Caroline Dayer est une référence sur les questions d’égalité, de genre et de discrimination. portrait sensible d’une personnalité qui navigue avec brio dans des zones de hautes turbulences.

Son sourire est son meilleur bouclier et sa parole – construite, sonore et précise – son arme la plus efficace. Rien de guerrier pourtant dans la jeune femme détendue et radieuse attablée dans le parc des Bastions où elle nous a donné rendez-vous. Mais lorsqu’il est question des violences directes et indirectes visant encore trop souvent les personnes LGBTIQ, ou des arguments de plus ou moins mauvaise foi qui pleuvent pour justifier toute forme d’inégalité, ce tempérament paisible et rieur fait preuve d’une combativité sans faille.
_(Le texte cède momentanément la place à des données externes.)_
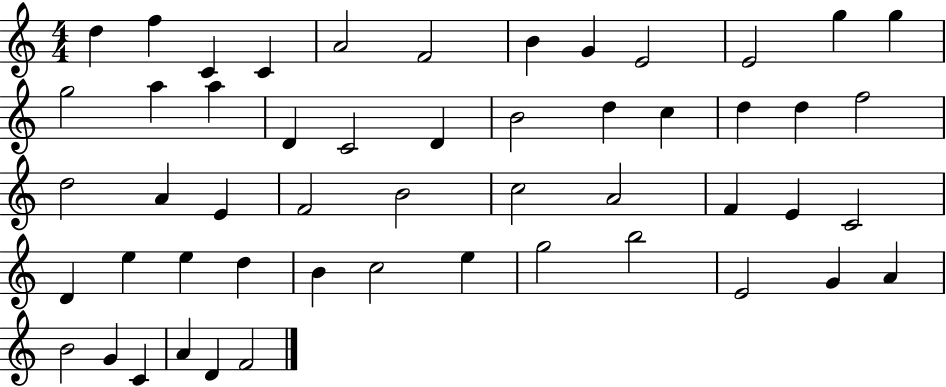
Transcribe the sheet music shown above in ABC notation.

X:1
T:Untitled
M:4/4
L:1/4
K:C
d f C C A2 F2 B G E2 E2 g g g2 a a D C2 D B2 d c d d f2 d2 A E F2 B2 c2 A2 F E C2 D e e d B c2 e g2 b2 E2 G A B2 G C A D F2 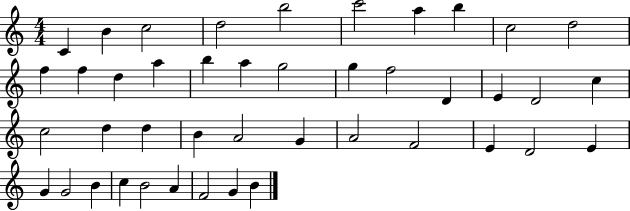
X:1
T:Untitled
M:4/4
L:1/4
K:C
C B c2 d2 b2 c'2 a b c2 d2 f f d a b a g2 g f2 D E D2 c c2 d d B A2 G A2 F2 E D2 E G G2 B c B2 A F2 G B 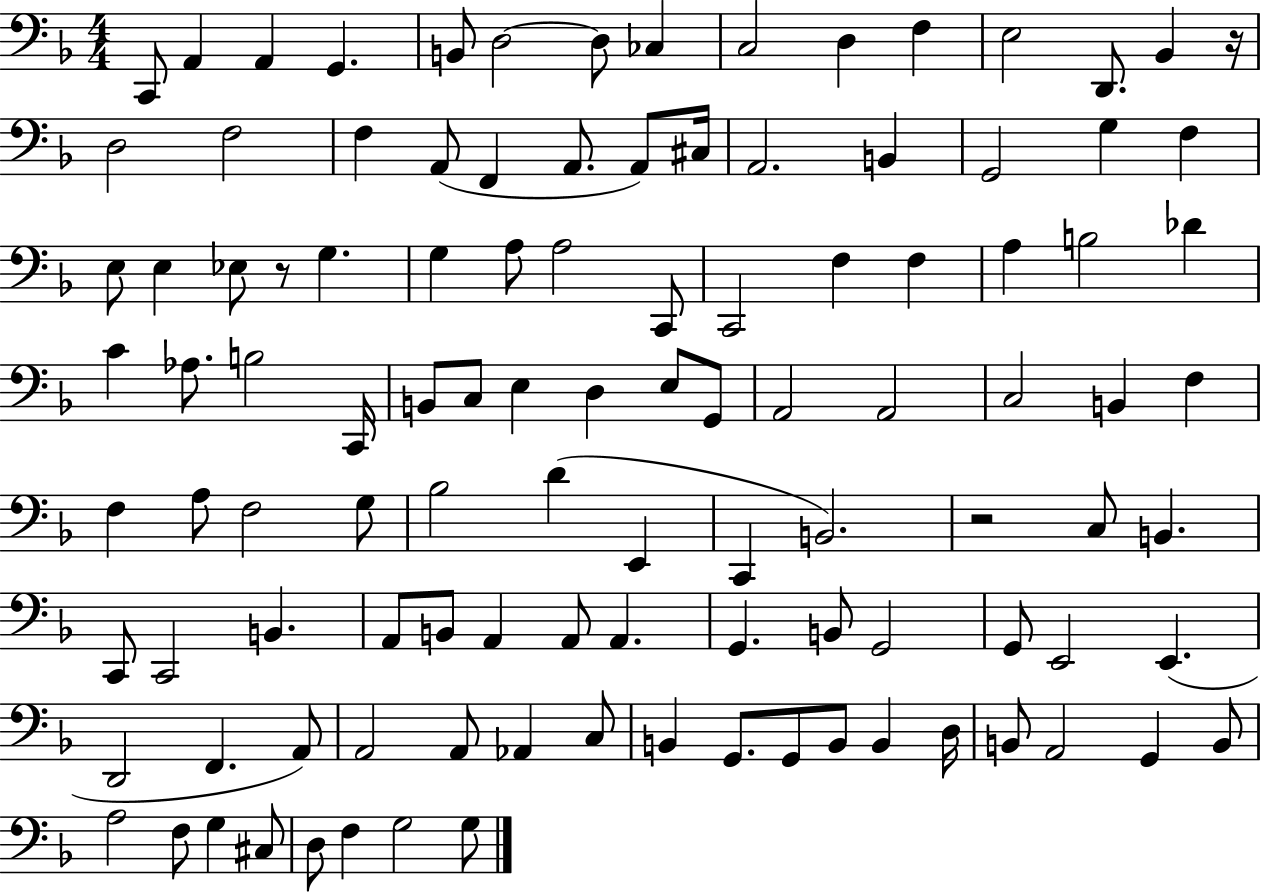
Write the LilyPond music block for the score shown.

{
  \clef bass
  \numericTimeSignature
  \time 4/4
  \key f \major
  c,8 a,4 a,4 g,4. | b,8 d2~~ d8 ces4 | c2 d4 f4 | e2 d,8. bes,4 r16 | \break d2 f2 | f4 a,8( f,4 a,8. a,8) cis16 | a,2. b,4 | g,2 g4 f4 | \break e8 e4 ees8 r8 g4. | g4 a8 a2 c,8 | c,2 f4 f4 | a4 b2 des'4 | \break c'4 aes8. b2 c,16 | b,8 c8 e4 d4 e8 g,8 | a,2 a,2 | c2 b,4 f4 | \break f4 a8 f2 g8 | bes2 d'4( e,4 | c,4 b,2.) | r2 c8 b,4. | \break c,8 c,2 b,4. | a,8 b,8 a,4 a,8 a,4. | g,4. b,8 g,2 | g,8 e,2 e,4.( | \break d,2 f,4. a,8) | a,2 a,8 aes,4 c8 | b,4 g,8. g,8 b,8 b,4 d16 | b,8 a,2 g,4 b,8 | \break a2 f8 g4 cis8 | d8 f4 g2 g8 | \bar "|."
} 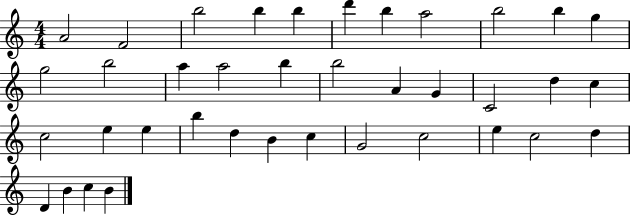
{
  \clef treble
  \numericTimeSignature
  \time 4/4
  \key c \major
  a'2 f'2 | b''2 b''4 b''4 | d'''4 b''4 a''2 | b''2 b''4 g''4 | \break g''2 b''2 | a''4 a''2 b''4 | b''2 a'4 g'4 | c'2 d''4 c''4 | \break c''2 e''4 e''4 | b''4 d''4 b'4 c''4 | g'2 c''2 | e''4 c''2 d''4 | \break d'4 b'4 c''4 b'4 | \bar "|."
} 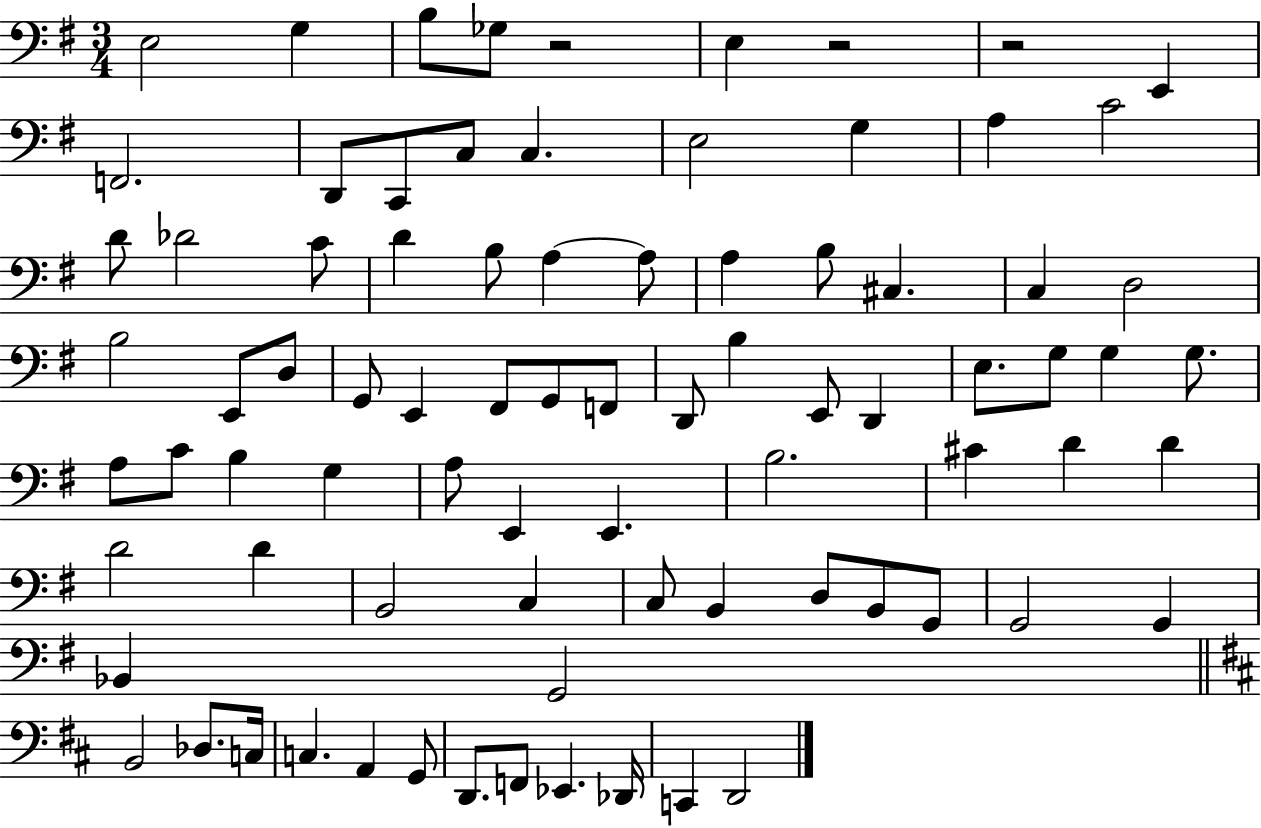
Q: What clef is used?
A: bass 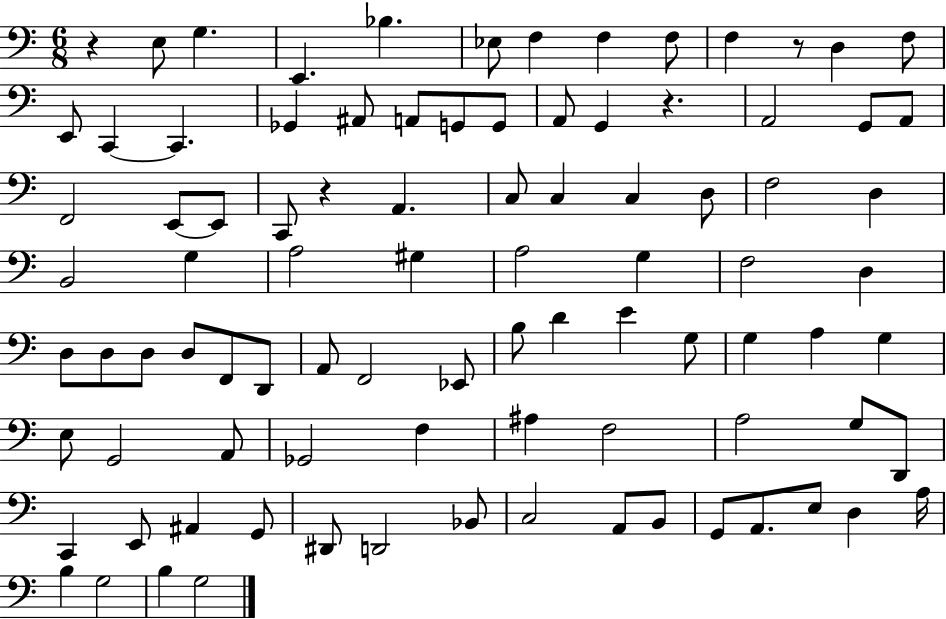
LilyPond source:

{
  \clef bass
  \numericTimeSignature
  \time 6/8
  \key c \major
  r4 e8 g4. | e,4. bes4. | ees8 f4 f4 f8 | f4 r8 d4 f8 | \break e,8 c,4~~ c,4. | ges,4 ais,8 a,8 g,8 g,8 | a,8 g,4 r4. | a,2 g,8 a,8 | \break f,2 e,8~~ e,8 | c,8 r4 a,4. | c8 c4 c4 d8 | f2 d4 | \break b,2 g4 | a2 gis4 | a2 g4 | f2 d4 | \break d8 d8 d8 d8 f,8 d,8 | a,8 f,2 ees,8 | b8 d'4 e'4 g8 | g4 a4 g4 | \break e8 g,2 a,8 | ges,2 f4 | ais4 f2 | a2 g8 d,8 | \break c,4 e,8 ais,4 g,8 | dis,8 d,2 bes,8 | c2 a,8 b,8 | g,8 a,8. e8 d4 a16 | \break b4 g2 | b4 g2 | \bar "|."
} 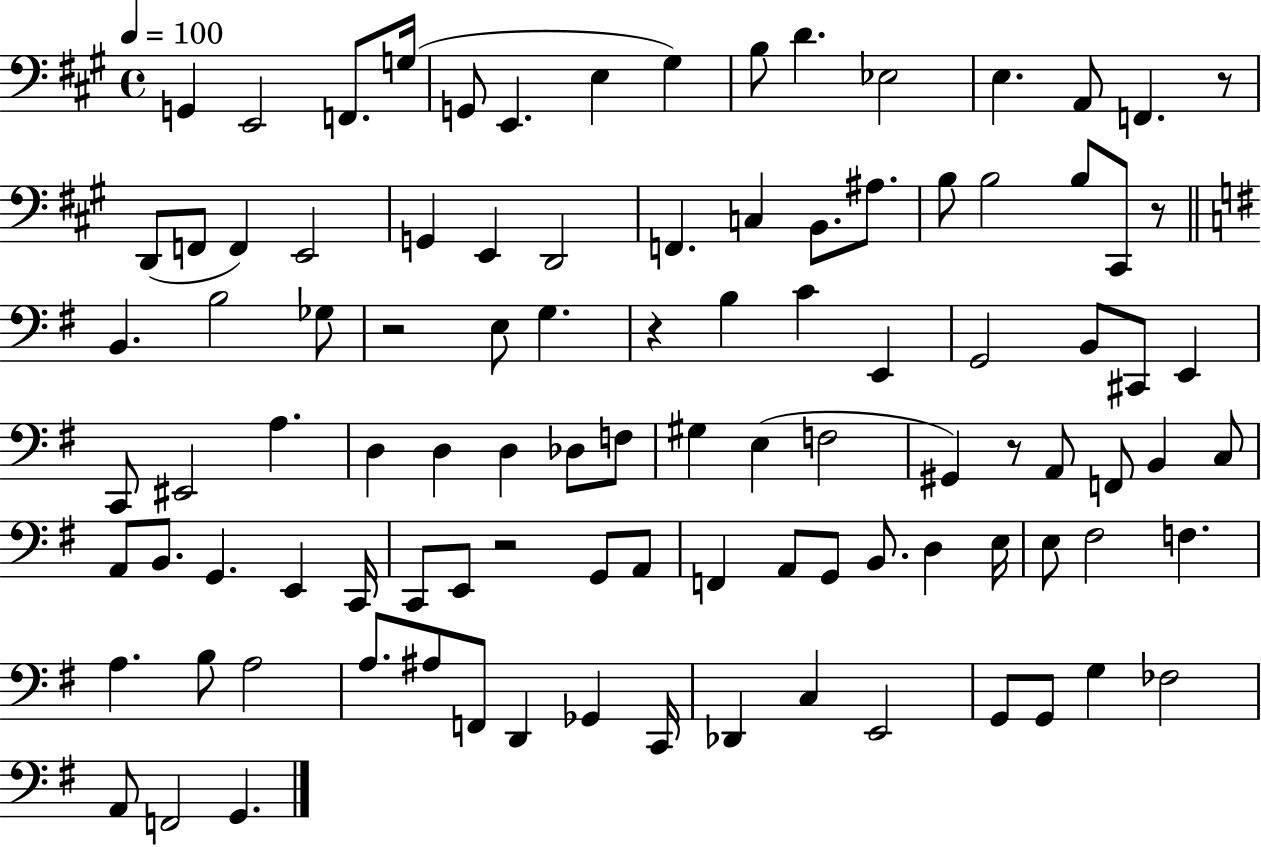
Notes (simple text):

G2/q E2/h F2/e. G3/s G2/e E2/q. E3/q G#3/q B3/e D4/q. Eb3/h E3/q. A2/e F2/q. R/e D2/e F2/e F2/q E2/h G2/q E2/q D2/h F2/q. C3/q B2/e. A#3/e. B3/e B3/h B3/e C#2/e R/e B2/q. B3/h Gb3/e R/h E3/e G3/q. R/q B3/q C4/q E2/q G2/h B2/e C#2/e E2/q C2/e EIS2/h A3/q. D3/q D3/q D3/q Db3/e F3/e G#3/q E3/q F3/h G#2/q R/e A2/e F2/e B2/q C3/e A2/e B2/e. G2/q. E2/q C2/s C2/e E2/e R/h G2/e A2/e F2/q A2/e G2/e B2/e. D3/q E3/s E3/e F#3/h F3/q. A3/q. B3/e A3/h A3/e. A#3/e F2/e D2/q Gb2/q C2/s Db2/q C3/q E2/h G2/e G2/e G3/q FES3/h A2/e F2/h G2/q. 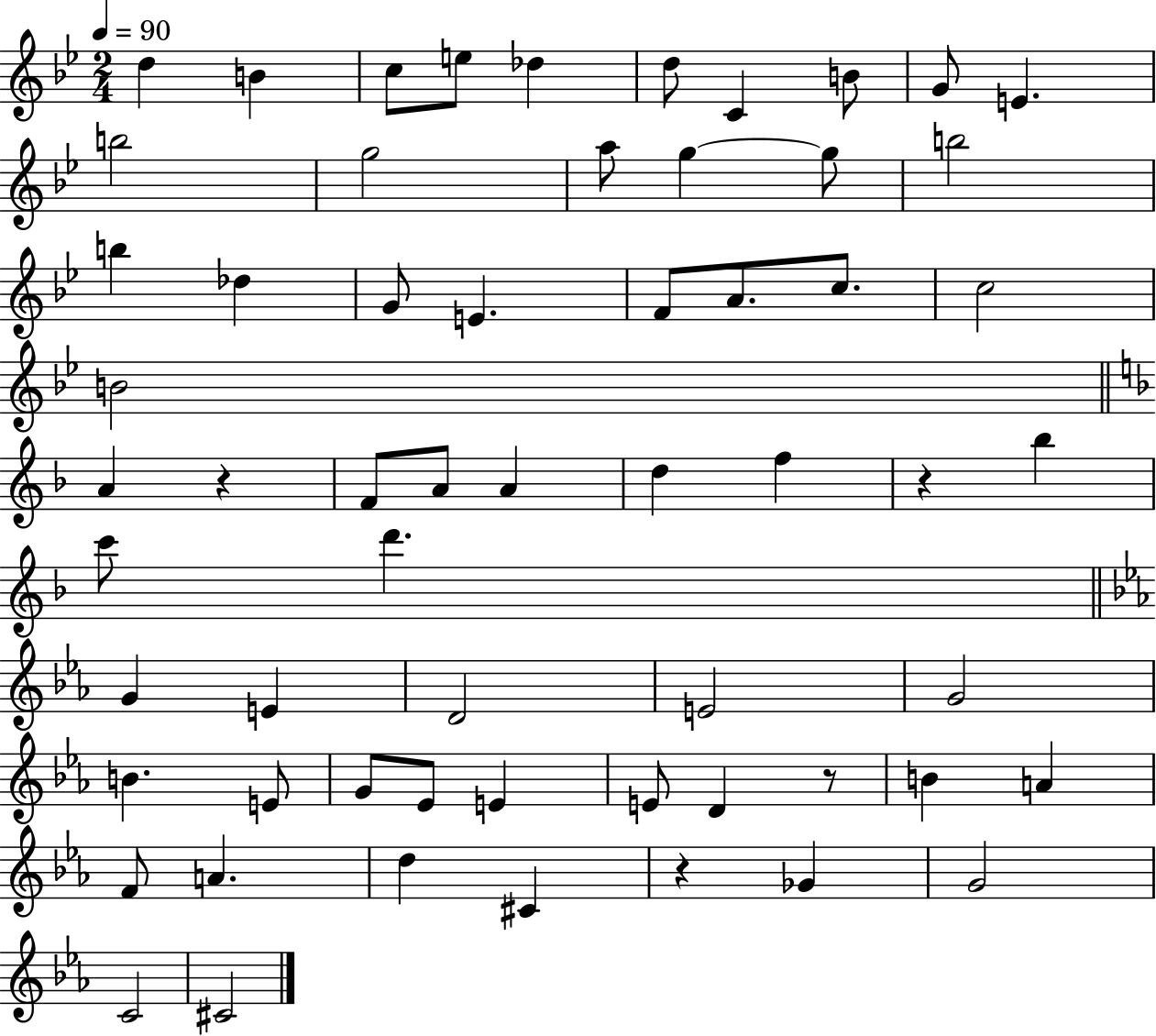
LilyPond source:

{
  \clef treble
  \numericTimeSignature
  \time 2/4
  \key bes \major
  \tempo 4 = 90
  \repeat volta 2 { d''4 b'4 | c''8 e''8 des''4 | d''8 c'4 b'8 | g'8 e'4. | \break b''2 | g''2 | a''8 g''4~~ g''8 | b''2 | \break b''4 des''4 | g'8 e'4. | f'8 a'8. c''8. | c''2 | \break b'2 | \bar "||" \break \key f \major a'4 r4 | f'8 a'8 a'4 | d''4 f''4 | r4 bes''4 | \break c'''8 d'''4. | \bar "||" \break \key ees \major g'4 e'4 | d'2 | e'2 | g'2 | \break b'4. e'8 | g'8 ees'8 e'4 | e'8 d'4 r8 | b'4 a'4 | \break f'8 a'4. | d''4 cis'4 | r4 ges'4 | g'2 | \break c'2 | cis'2 | } \bar "|."
} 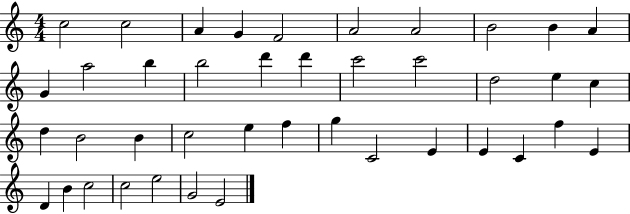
C5/h C5/h A4/q G4/q F4/h A4/h A4/h B4/h B4/q A4/q G4/q A5/h B5/q B5/h D6/q D6/q C6/h C6/h D5/h E5/q C5/q D5/q B4/h B4/q C5/h E5/q F5/q G5/q C4/h E4/q E4/q C4/q F5/q E4/q D4/q B4/q C5/h C5/h E5/h G4/h E4/h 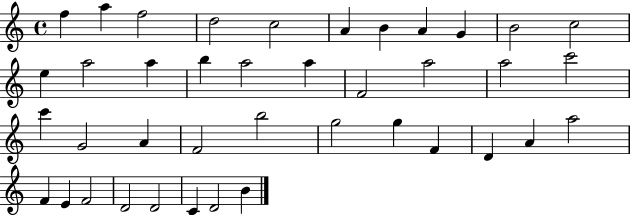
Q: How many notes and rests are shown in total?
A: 40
A 38 ans, Caroline Dayer, docteure et chercheuse, formatrice et consultante, auteure de nombreux livres et articles scientifique est une personnalité emblématique de la communauté LGBTIQ romande voire francophone. Elle est surtout une référence sur les questions d’égalité, de genre et de discrimination (sexisme, racisme, homophobie, etc.), et intervient très fréquemment sur ces thématiques, notamment dans les contextes scolaires et professionnels. Une expertise qui lui vaut d’être souvent sollicitée par les médias et conséquemment de se retrouver régulièrement en première ligne. D’autres l’ont éprouvé avant elle: toute tentative de démontrer ce qui dans nos systèmes de pensée hiérarchise et stigmatise les individus soulève aussitôt de violentes controverses et entraîne rapidement au-delà du champ académique. Essayez pour voir de placer «hétérosexisme» ou «mariage pour tous et toutes» dans une conversation. Remuez un peu, et constatez que décidément certains termes sont à eux tous seuls des pétards politiques.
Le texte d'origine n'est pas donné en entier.